On all these issues, I believe exactly what I have always believed. That’s what Reagan believed. It’s what conservatives have always believed, or so I used to think. That’s how my mind has stayed the same.
Have any of my views changed? Yes, I can think of three places where I have changed my mind.
- First, racism is a more entrenched and systematic problem than I used to think it was. The common definition of “racism” among conservatives limits it to “hating a person because of his or her race.” That definition is way too narrow. Funny: conservatives accept the existence of systemic sin when it suits us, and then argue to the death that systemic racism is a myth.
- Second, I no longer believe in capital punishment, because our administration of it is always racially and economically biased.
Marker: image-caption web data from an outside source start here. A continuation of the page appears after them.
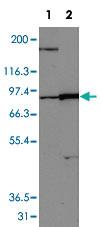 Anti-TYRO3 Rabbit Polyclonal Antibody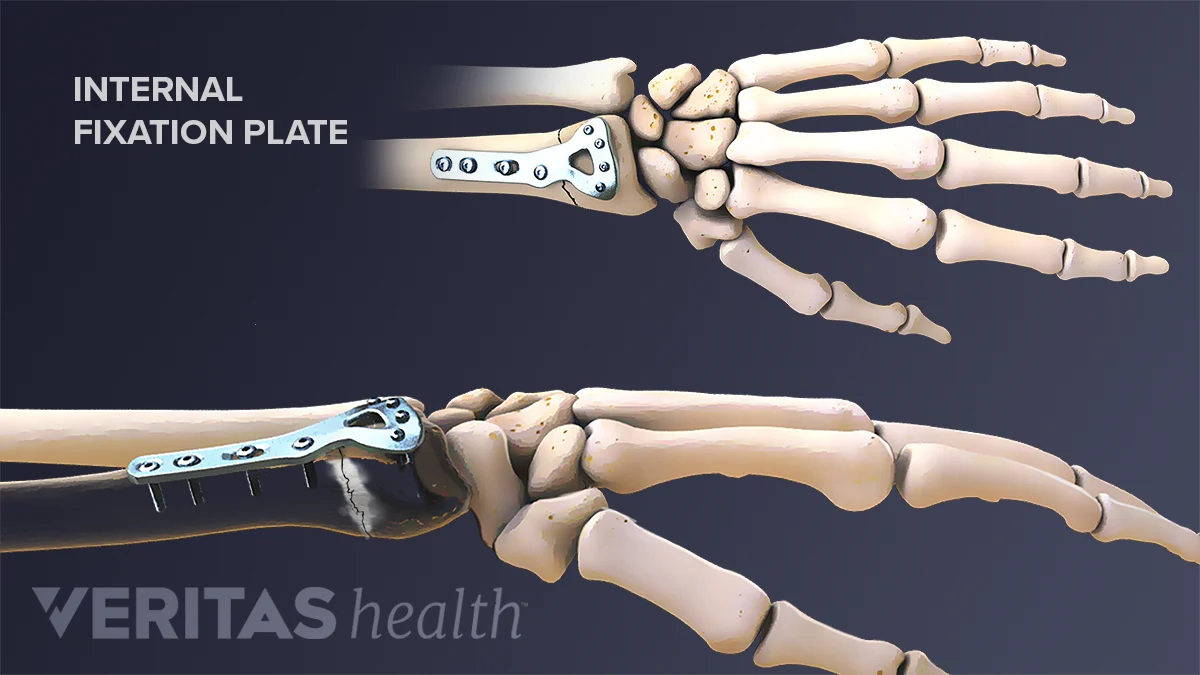 Surgical Options for Treating a Distal Radius Fracture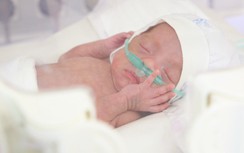 Hành trình hồi sinh bé gái sinh non chỉ nặng 550 gram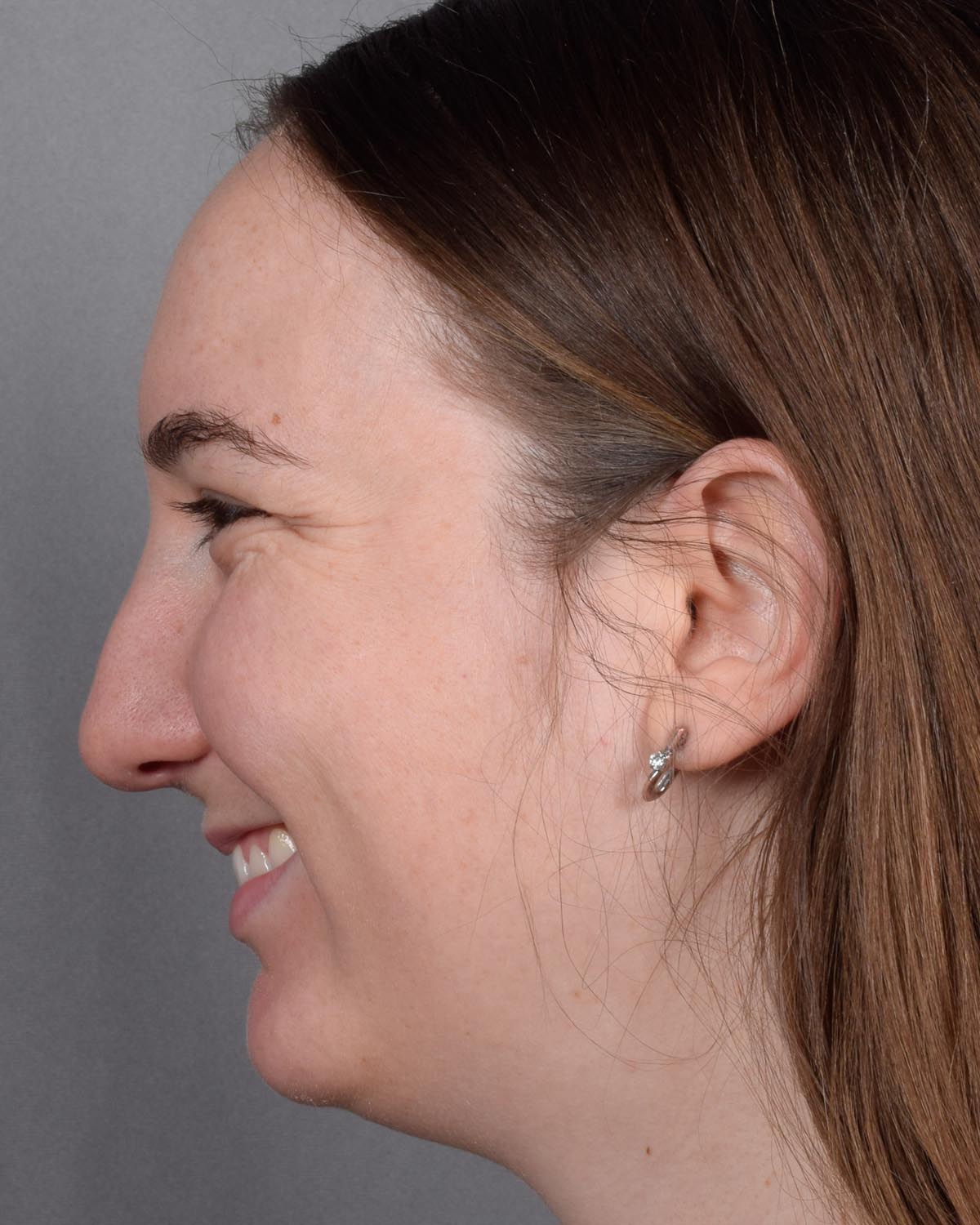 Before Functional Rhinoplasty Profile Smiling - Vegas Facial Plastics, Mehdi Sina, MD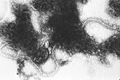 Respiratory syncytial virus 01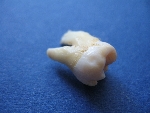vytrhnutý zub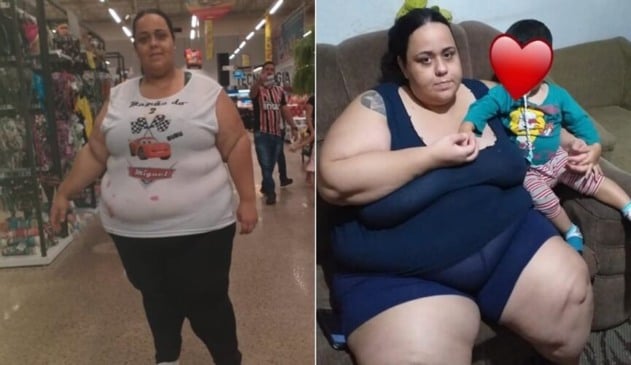 Jundiaiense com mais de 150 quilos pede ajuda para cirurgia: “Quero viver”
I do not reject capital punishment per se, but I reject it as unfair and inhuman as practiced in the USA.
- Third, I no longer pretend to be a climate expert. If 99% of the scientists involved in studying the issue believe that our conduct is affecting the climate, I have no expertise to argue against them.
- Does that mean trusting everything that is said in the name of climate protection, etc.? Endorsing the Green New Deal? Of course not. Cautious agnosticism seems prudent.
So that’s how my mind has changed, and how it has stayed the same.
So: If I believe what Republicans have believed for my entire life–and I do–then why am I the exile, while pretend populists rule the party to which I once belonged?